PICKING A FLOWERPOT
How big? What material? Garden experts get to the root of the issues.
When it comes to buying pots for your plants, you have to think like Goldilocks. The container you choose should be just the right size. “You don’t want to oversize the pot for the plant,” said Lou Coy of Boyle Heights shop Latinx With Plants. “People say that when you repot a plant you should put it in a really big pot so that it will encourage it to grow. That’s actually not true, I find. If you put it in a pot that’s too large, it’s going to take longer to drain and dry out, and you risk drowning the plant.”
Spring is an ideal time for repotting plants, as some begin to produce new growth after a dormant winter.
Choosing the right pot for your plant doesn’t seem like a big decision, but when people visit home and garden centers, they often face a bewildering number of options.
Materials range from unglazed terra cotta pots and orangeish containers shaped like styrofoam coffee cups to real wood whiskey barrels. There’s a big price spread, from a few dollars for a small clay pot to more than $100 for elaborate wall planters with self-watering drip systems.

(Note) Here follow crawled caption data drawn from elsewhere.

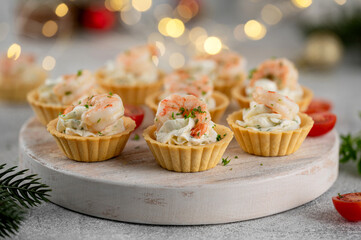 Christmas food. Tartlets with shrimp, cream cheese, garlic and parsley on a wooden board on gray concrete background.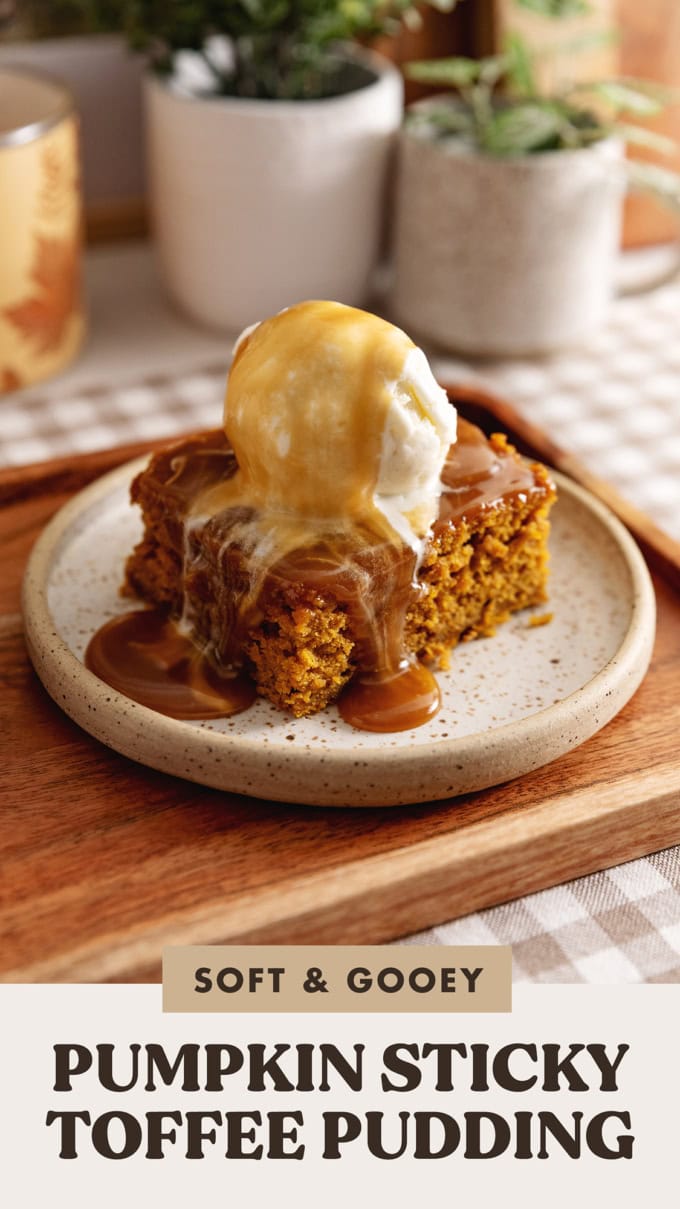 A slice of pumpkin sticky toffee pudding on a plate with a scoop of ice cream on top and toffee sauce dripping down.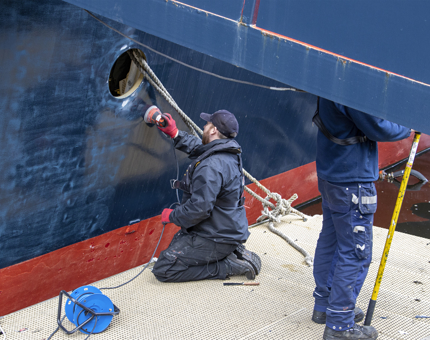 A man kneeling on a platform sanding Britannia's hull. 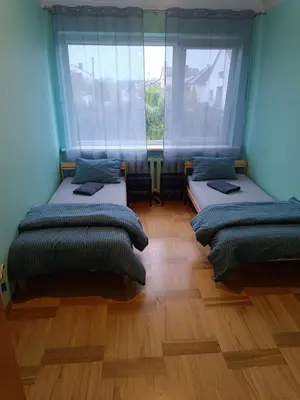 two beds in a room with two windows at Azimut Guest House Quiet Getaway Garden Sauna in Šiauliai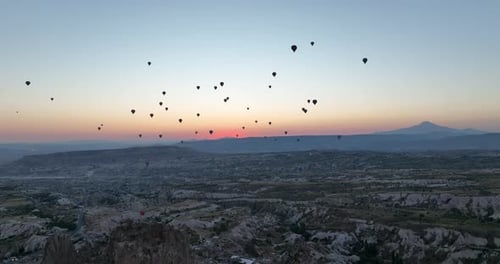 Aerial Cinematic Drone View of Colorful Hot Air Balloon Flying Over Cappadocia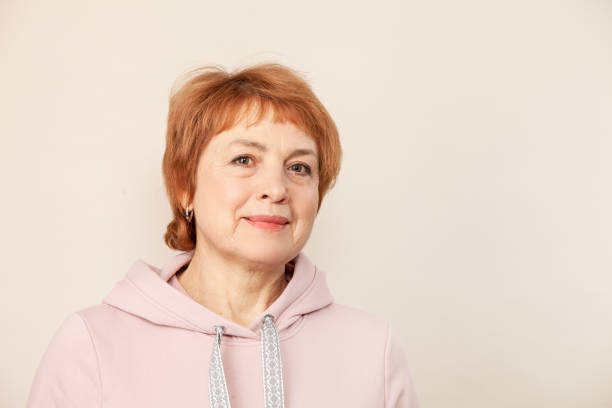 Studio portrait of a white active senior woman with red hair in a pink hooded shirt against a beige background stock photo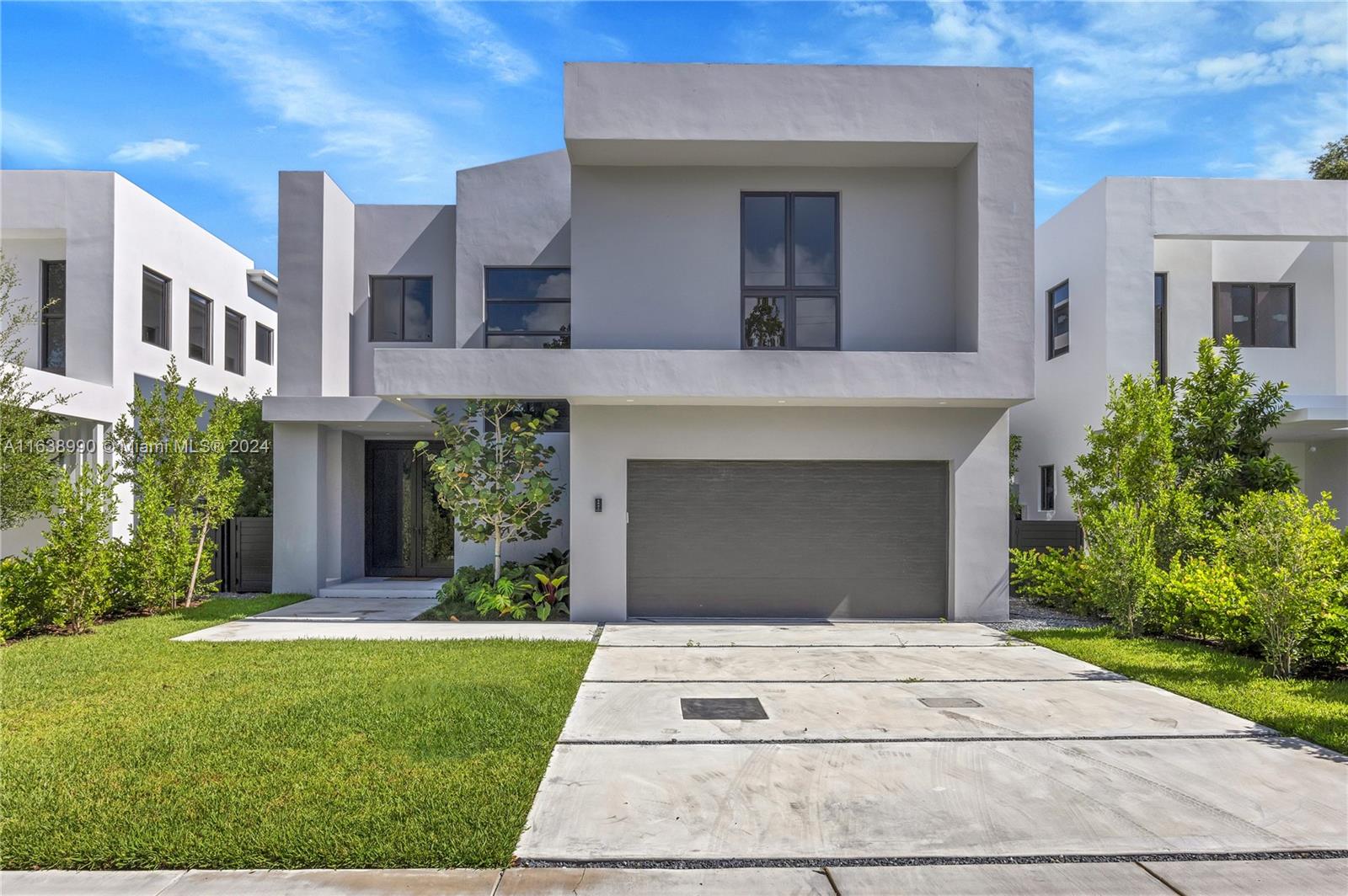 a front view of a house with a garden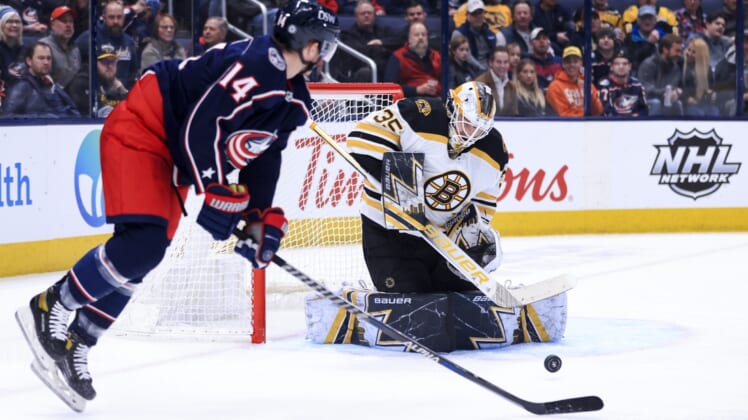 Apr 4, 2022; Columbus, Ohio, USA;  Boston Bruins goaltender Linus Ullmark (35) makes a save in net against a deflection by Columbus Blue Jackets center Gustav Nyquist (14) in the first period at Nationwide Arena. Mandatory Credit: Aaron Doster-USA TODAY Sports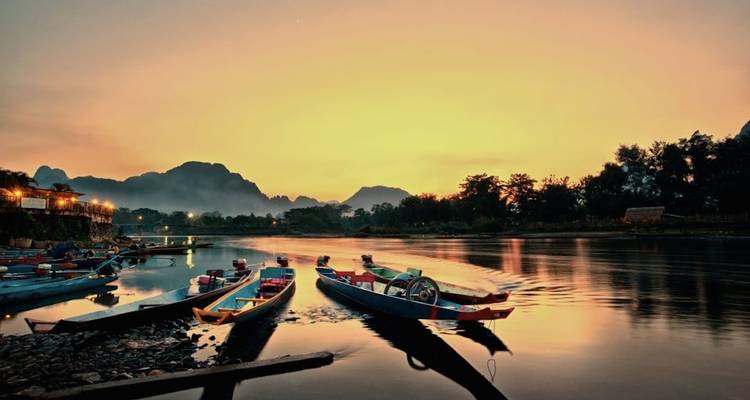 Zonsondergangscène met langboten op een serene rivier.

If you need to go up to a larger pot, Coy said in a phone interview, you should only go up 2 inches.
Plants may be outgrowing their containers if soil appears to be dry or hard, roots are growing out of the bottom or the plant seems top-heavy, according to home and garden websites such as Pistils Nursery in Portland, Oregon.
Todd Bazik, co-owner of SarahCotta Plants in Glendale, also cautioned against putting plants in too-large pots.
“It’s not going to be able to absorb all the water you put in the pot, and more water means root rot. And you don’t want that. It’s just important to go up gradually in sizes.”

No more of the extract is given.